Das jährliche Wachstumsniveau im zweiten Quartal war das schlechteste seit einem kurzen, aber heftigen Einbruch Mitte 2020, auf dem Höhepunkt der Pandemie. Es blieb auch hinter den prognostizierten 3,4 Prozent der Ökonomen in einer FactSet-Umfrage zurück. Gleichwohl stieg die Produktion im Quartalsvergleich um 0,1 Prozent.

„Das BIP des zweiten Quartals zeigte einen signifikanten Verlust an Dynamik“, sagte Hakan Kara, ehemaliger Chefökonom der türkischen Zentralbank. „Frühe Indikatoren deuten darauf hin, dass sich der verzögerte Einfluss der Geld- und Kreditverknappung in der zweiten Jahreshälfte stärker bemerkbar machen wird, allerdings ohne auf eine harte Landung hinzudeuten.“

Präsident Recep Tayyip Erdoğan hat nach seiner Wiederwahl im Mai 2023 seine bisher gescheiterte Politik niedriger Kreditkosten trotz hoher Inflation aufgegeben. Die türkische Zentralbank, inzwischen geleitet von einem ehemaligen Federal Reserve-Ökonomen, erhöhte daraufhin die Zinssätze von 8,5 Prozent auf 50 Prozent und versprach, die Geldpolitik so lange straff zu halten, wie es nötig sei, um die jahrelange Inflationskrise zu bändigen.

Anzeichen zeigen nun, dass hohe Kreditkosten, kombiniert mit Steuererhöhungen auf Benzin und Mehrwertsteuer sowie weitere fiskalische Straffungsmaßnahmen, über zentrale Industrien hinweg zu spürbaren Auswirkungen führen. Die Fertigungsaktivität schrumpfte im August den fünften Monat in Folge, wie eine Umfrage der Istanbuler Industrie- und Handelskammer enthüllte.

Der zuvor heiße Konsum – ein Merkmal der Inflationslage in der Türkei – kühlte in den letzten Monaten ab. Laut der Vereinigung der Automobilvertriebs- und Mobilitätsanbieter gingen die Pkw-Verkäufe im Juli im Jahresvergleich um 16 Prozent zurück. Gleichzeitig bemerkte das türkische Haushaltsgeräteunternehmen Arçelik eine „Normalisierung“ der Nachfrage nach Weißwaren im zweiten Quartal.

Politische Entscheidungsträger und unabhängige Ökonomen betonen, dass die Abkühlung der überhitzten Wirtschaft ein entscheidender Schritt sei, um die Inflation in den kommenden Jahren auf das fünfprozentige Ziel der Zentralbank zu senken.

Das Inflationsbild beginnt sich zu verbessern. Im Juli lag das jährliche Wachstum der Verbraucherpreise bei 62 Prozent, nach einem Höchststand von über 85 Prozent Ende 2022. Marktteilnehmer in der Türkei erwarten laut einer Umfrage der Zentralbank, dass die Inflation bis zum Jahresende auf 43 Prozent fällt und 2025 weiter zurückgeht.
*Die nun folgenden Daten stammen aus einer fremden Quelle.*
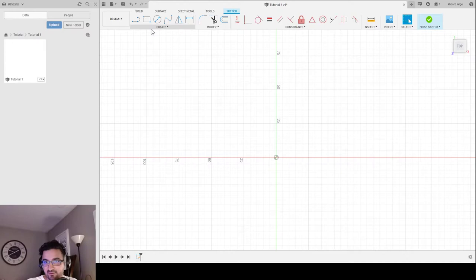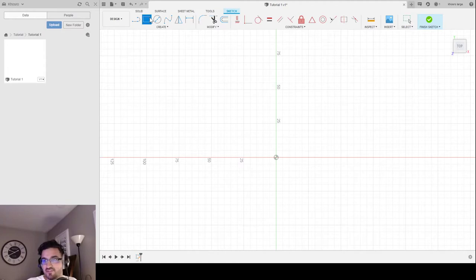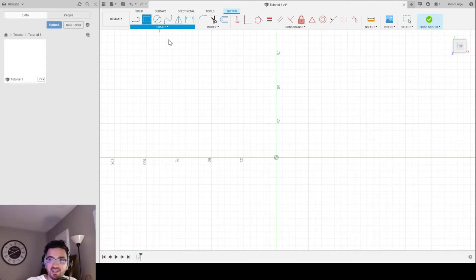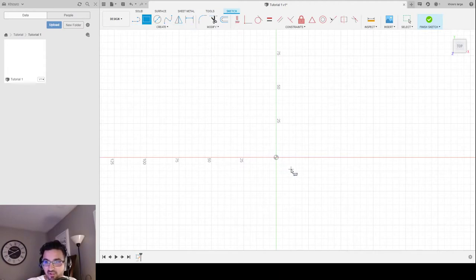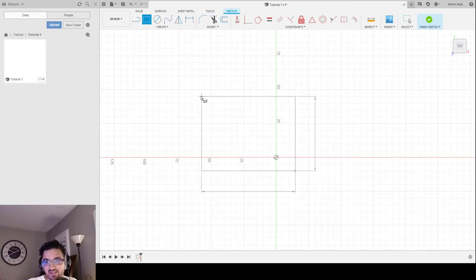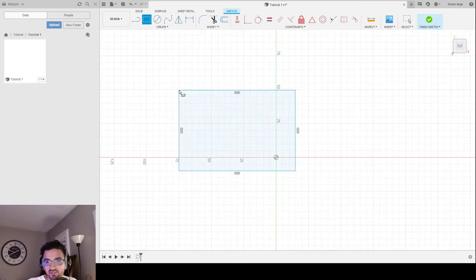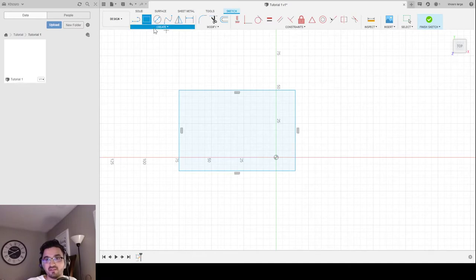I don't want to reference a real-life plate; I'm just going to make a fake one from scratch. The first thing I'll do is go to Create, click on Rectangle. You have three different rectangle options. The Two-Point Rectangle: I click somewhere on the grid and click somewhere else and it creates a rectangle.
Mehmet Şimşek, der Architekt des neuen Wirtschaftsprogramms, bezeichnete die BIP-Daten vom Montag als Zeichen für eine Stabilisierung des Wachstums und fügte hinzu: „Wir haben eine schwierige Phase hinter uns gelassen, in der wir anfällige Bereiche erheblich reduziert haben.“

Allerdings räumen Wirtschaftsvertreter privat ein, dass der jüngste Fortschritt bei der Inflation relativ einfach zu erreichen war, aufgrund des hohen Vergleichswerts im Vorjahr. Die kommenden Monate dürften schmerzhafter werden, da Unternehmen und Verbraucher mit hohen Zinssätzen und schleppendem Wachstum konfrontiert sind – ein starkes Kontrastbild zu den Vorjahren als Politik des billigen Geldes die Wirtschaft ankurbelte.
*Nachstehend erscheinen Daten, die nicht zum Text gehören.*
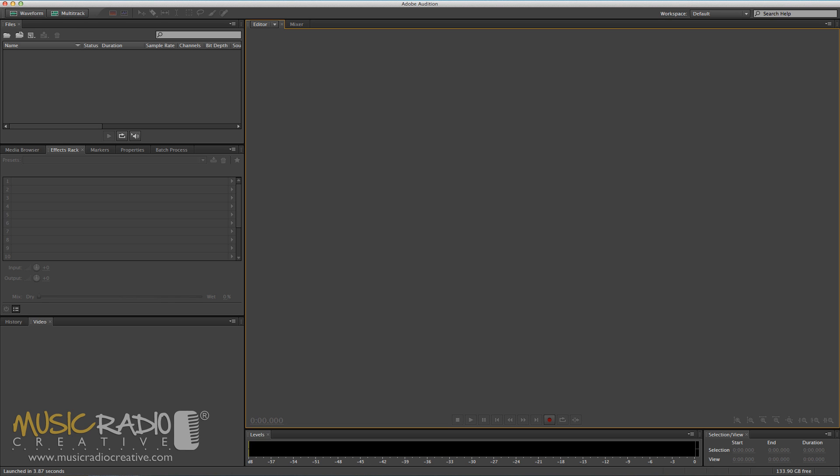Hello, this is Mike Russell from MusicRadioCreative.com with a short tutorial on how to make your voice sound bigger. This tip is good if you want to really emphasize a point in a radio sweeper or a radio promo.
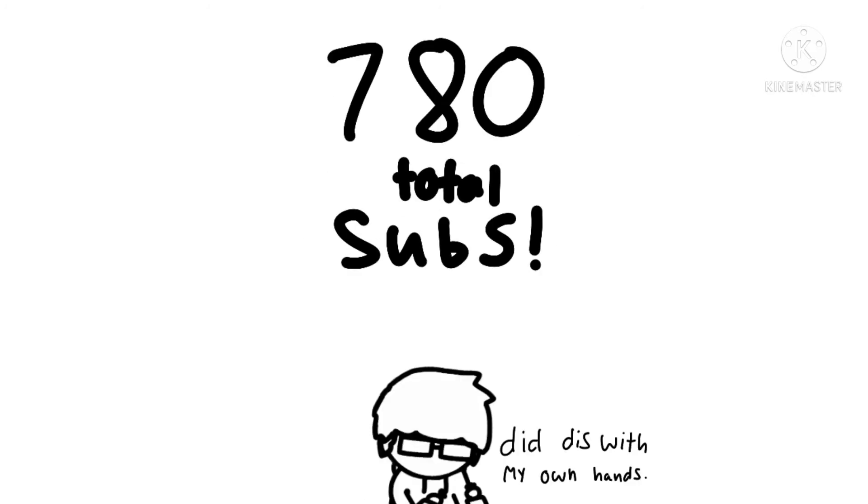Yep, that's a lot of people watching my dumbass videos.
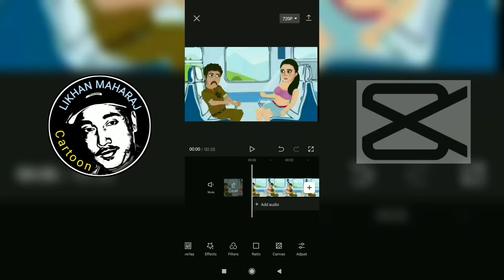I already told you about the video. I am going to learn how to do this. I am going to start the video. This is the reverse option — so what do you want to do with the reverse option?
„Die Binnennachfrage muss weiter geschwächt werden und daher muss die Politik länger straff bleiben“, sagte William Jackson von Capital Economics in London. „Die Fiskalpolitik muss ab jetzt einen großen Teil der Last tragen, aber auch die Geldpolitik wird wahrscheinlich restriktiv bleiben.“

Die verschärfte wirtschaftliche Lage stellt für Erdoğan ein Dilemma dar, der die jahrelange rasche wirtschaftliche Entwicklung der Türkei als einen seiner zentralen Erfolge seit seinem Machtantritt zu Beginn des Jahrtausends anpreist. Erdoğan hat auch wirtschaftliche Stimulierungsmaßnahmen als politisches Werkzeug genutzt, so auch vor den Parlamentswahlen 2023, die er gewann.

Erdoğans regierende Partei für Gerechtigkeit und Entwicklung (AKP) erlitt bei den Kommunalwahlen im März den größten Rückschlag ihrer Geschichte, da die Wähler gegen die wirtschaftliche Schwäche rebellierten. Umfragen zeigen, dass die Beliebtheit der AKP in diesem Sommer weiter gesunken ist, da sich die wirtschaftlichen Bedingungen für viele Türken verschlechtert haben.